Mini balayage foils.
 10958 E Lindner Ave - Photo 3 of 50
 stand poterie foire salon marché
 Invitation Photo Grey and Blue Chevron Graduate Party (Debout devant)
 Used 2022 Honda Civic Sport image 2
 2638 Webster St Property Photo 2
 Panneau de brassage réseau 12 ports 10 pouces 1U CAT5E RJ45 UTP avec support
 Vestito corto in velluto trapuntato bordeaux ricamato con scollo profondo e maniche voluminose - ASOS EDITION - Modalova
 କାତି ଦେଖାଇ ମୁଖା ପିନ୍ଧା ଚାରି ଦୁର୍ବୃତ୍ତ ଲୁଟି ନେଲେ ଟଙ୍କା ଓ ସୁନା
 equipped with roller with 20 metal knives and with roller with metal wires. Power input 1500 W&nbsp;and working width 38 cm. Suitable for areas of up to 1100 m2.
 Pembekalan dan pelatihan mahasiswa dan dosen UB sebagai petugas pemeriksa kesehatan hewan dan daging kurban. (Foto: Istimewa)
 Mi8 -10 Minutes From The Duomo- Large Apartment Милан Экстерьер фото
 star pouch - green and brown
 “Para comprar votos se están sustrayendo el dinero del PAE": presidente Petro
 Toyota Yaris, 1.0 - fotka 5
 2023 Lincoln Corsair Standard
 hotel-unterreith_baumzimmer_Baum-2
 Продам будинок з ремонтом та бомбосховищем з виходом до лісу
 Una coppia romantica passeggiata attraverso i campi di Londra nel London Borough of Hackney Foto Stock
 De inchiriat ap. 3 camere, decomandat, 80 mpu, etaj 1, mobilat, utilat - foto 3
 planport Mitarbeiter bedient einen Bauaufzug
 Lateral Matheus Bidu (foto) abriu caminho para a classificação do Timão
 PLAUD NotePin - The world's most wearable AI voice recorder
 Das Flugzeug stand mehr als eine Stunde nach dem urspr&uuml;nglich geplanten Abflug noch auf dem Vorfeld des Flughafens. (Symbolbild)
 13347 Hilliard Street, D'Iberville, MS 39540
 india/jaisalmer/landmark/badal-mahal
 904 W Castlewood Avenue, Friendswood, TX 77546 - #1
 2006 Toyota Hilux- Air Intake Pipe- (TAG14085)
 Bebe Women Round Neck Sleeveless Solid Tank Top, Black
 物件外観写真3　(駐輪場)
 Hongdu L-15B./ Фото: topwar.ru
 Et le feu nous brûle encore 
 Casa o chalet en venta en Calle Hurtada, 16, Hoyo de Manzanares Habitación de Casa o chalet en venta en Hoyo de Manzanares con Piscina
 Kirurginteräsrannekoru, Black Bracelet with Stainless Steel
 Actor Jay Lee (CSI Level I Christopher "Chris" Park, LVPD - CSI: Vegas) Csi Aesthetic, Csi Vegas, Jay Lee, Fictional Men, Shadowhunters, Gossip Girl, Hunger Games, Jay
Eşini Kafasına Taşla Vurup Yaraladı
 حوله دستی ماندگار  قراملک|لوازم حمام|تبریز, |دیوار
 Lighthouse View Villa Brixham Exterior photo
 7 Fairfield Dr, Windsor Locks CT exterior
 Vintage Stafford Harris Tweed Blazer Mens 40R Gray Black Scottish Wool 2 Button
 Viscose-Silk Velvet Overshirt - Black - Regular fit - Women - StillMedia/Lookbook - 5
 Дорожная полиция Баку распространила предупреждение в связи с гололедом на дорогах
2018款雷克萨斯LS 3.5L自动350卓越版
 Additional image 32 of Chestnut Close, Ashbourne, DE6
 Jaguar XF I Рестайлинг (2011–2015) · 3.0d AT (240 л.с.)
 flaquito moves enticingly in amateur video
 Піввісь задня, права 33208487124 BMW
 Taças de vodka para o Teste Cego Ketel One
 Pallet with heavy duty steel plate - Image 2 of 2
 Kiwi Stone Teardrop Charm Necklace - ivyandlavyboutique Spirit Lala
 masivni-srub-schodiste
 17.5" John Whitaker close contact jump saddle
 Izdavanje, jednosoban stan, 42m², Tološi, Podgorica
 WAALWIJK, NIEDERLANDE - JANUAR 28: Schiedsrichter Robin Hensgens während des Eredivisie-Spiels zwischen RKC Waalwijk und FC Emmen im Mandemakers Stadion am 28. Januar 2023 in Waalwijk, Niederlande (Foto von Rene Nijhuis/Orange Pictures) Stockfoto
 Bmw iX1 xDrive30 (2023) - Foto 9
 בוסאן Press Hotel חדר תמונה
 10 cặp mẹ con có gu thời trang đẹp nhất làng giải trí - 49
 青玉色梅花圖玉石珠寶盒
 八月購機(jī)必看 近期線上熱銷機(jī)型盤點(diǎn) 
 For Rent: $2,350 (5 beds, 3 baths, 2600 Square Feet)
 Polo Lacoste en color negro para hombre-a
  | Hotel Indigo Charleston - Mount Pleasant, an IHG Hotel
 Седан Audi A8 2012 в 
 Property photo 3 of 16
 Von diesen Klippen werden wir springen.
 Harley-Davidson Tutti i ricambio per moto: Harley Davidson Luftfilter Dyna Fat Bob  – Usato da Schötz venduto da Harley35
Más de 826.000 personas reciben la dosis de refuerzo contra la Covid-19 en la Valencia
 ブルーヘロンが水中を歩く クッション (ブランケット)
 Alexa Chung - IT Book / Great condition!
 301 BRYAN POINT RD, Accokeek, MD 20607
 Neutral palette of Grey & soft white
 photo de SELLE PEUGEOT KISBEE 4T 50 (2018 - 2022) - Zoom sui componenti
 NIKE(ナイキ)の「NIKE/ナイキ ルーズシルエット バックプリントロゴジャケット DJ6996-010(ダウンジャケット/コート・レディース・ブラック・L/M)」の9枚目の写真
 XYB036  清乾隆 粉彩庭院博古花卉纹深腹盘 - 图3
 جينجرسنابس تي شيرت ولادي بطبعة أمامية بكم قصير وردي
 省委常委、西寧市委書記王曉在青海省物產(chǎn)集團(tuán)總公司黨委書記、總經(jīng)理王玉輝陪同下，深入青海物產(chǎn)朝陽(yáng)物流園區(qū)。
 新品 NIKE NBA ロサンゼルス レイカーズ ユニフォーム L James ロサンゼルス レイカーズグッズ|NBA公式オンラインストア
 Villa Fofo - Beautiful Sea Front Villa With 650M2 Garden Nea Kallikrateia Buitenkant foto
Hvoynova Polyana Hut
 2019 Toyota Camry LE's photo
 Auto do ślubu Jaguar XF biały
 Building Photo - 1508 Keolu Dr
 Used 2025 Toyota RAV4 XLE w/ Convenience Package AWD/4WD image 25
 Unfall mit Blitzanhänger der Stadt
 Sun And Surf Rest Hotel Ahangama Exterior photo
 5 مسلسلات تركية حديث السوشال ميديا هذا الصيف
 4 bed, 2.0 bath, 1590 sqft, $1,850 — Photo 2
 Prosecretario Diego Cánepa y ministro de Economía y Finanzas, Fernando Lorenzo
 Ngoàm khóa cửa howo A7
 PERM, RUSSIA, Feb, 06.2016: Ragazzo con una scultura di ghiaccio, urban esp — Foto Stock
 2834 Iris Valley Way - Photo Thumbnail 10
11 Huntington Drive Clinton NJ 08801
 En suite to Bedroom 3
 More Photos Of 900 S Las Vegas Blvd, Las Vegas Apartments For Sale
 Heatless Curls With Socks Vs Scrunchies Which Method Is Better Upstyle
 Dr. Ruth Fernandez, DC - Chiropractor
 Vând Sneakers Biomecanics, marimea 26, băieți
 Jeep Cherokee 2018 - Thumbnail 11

============================================================

> _Task instructions_: Each line, starting with the one that holds "جينجرسنابس تي شيرت" and ending with the last line of the listing, is to be restated exactly.

> _Expected answer_:
 جينجرسنابس تي شيرت ولادي بطبعة أمامية بكم قصير وردي
 省委常委、西寧市委書記王曉在青海省物產(chǎn)集團(tuán)總公司黨委書記、總經(jīng)理王玉輝陪同下，深入青海物產(chǎn)朝陽(yáng)物流園區(qū)。
 新品 NIKE NBA ロサンゼルス レイカーズ ユニフォーム L James ロサンゼルス レイカーズグッズ|NBA公式オンラインストア
 Villa Fofo - Beautiful Sea Front Villa With 650M2 Garden Nea Kallikrateia Buitenkant foto
Hvoynova Polyana Hut
 2019 Toyota Camry LE's photo
 Auto do ślubu Jaguar XF biały
 Building Photo - 1508 Keolu Dr
 Used 2025 Toyota RAV4 XLE w/ Convenience Package AWD/4WD image 25
 Unfall mit Blitzanhänger der Stadt
 Sun And Surf Rest Hotel Ahangama Exterior photo
 5 مسلسلات تركية حديث السوشال ميديا هذا الصيف
 4 bed, 2.0 bath, 1590 sqft, $1,850 — Photo 2
 Prosecretario Diego Cánepa y ministro de Economía y Finanzas, Fernando Lorenzo
 Ngoàm khóa cửa howo A7
 PERM, RUSSIA, Feb, 06.2016: Ragazzo con una scultura di ghiaccio, urban esp — Foto Stock
 2834 Iris Valley Way - Photo Thumbnail 10
11 Huntington Drive Clinton NJ 08801
 En suite to Bedroom 3
 More Photos Of 900 S Las Vegas Blvd, Las Vegas Apartments For Sale
 Heatless Curls With Socks Vs Scrunchies Which Method Is Better Upstyle
 Dr. Ruth Fernandez, DC - Chiropractor
 Vând Sneakers Biomecanics, marimea 26, băieți
 Jeep Cherokee 2018 - Thumbnail 11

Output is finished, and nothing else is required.